### AVAILABLE DATA
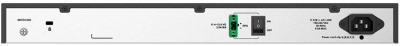 Коммутатор D-Link DGS-3000-28L/B1A 24x1Гбит/с 4SFP управляемый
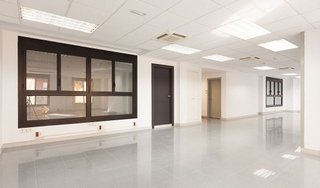 Oficina en alquiler en La Maternitat i Sant Ramon en Barcelona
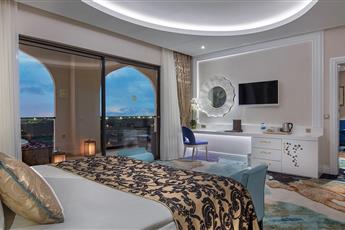 Granada Luxury Belek 5*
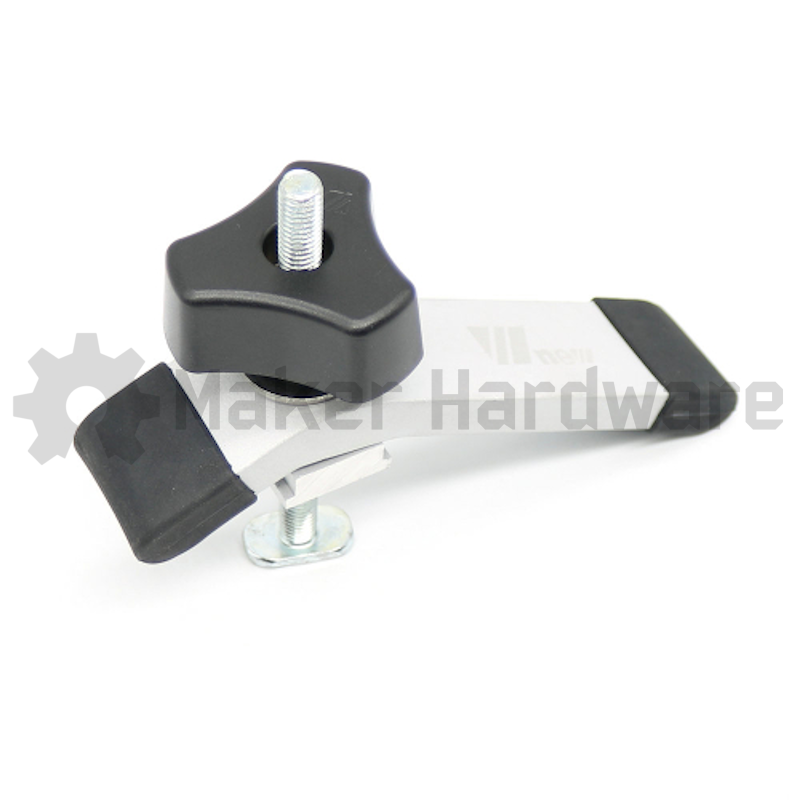 T-Track Hold Down Clamp Type 19 and 30 T-Track - Image 3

### TASK BRIEF
Your copy should hold exactly the lines from the line bearing "Granada Luxury Belek 5*" through the end of the data, both included, and no pictures or anything further.

### ANSWER SPACE
 Granada Luxury Belek 5*
 T-Track Hold Down Clamp Type 19 and 30 T-Track - Image 3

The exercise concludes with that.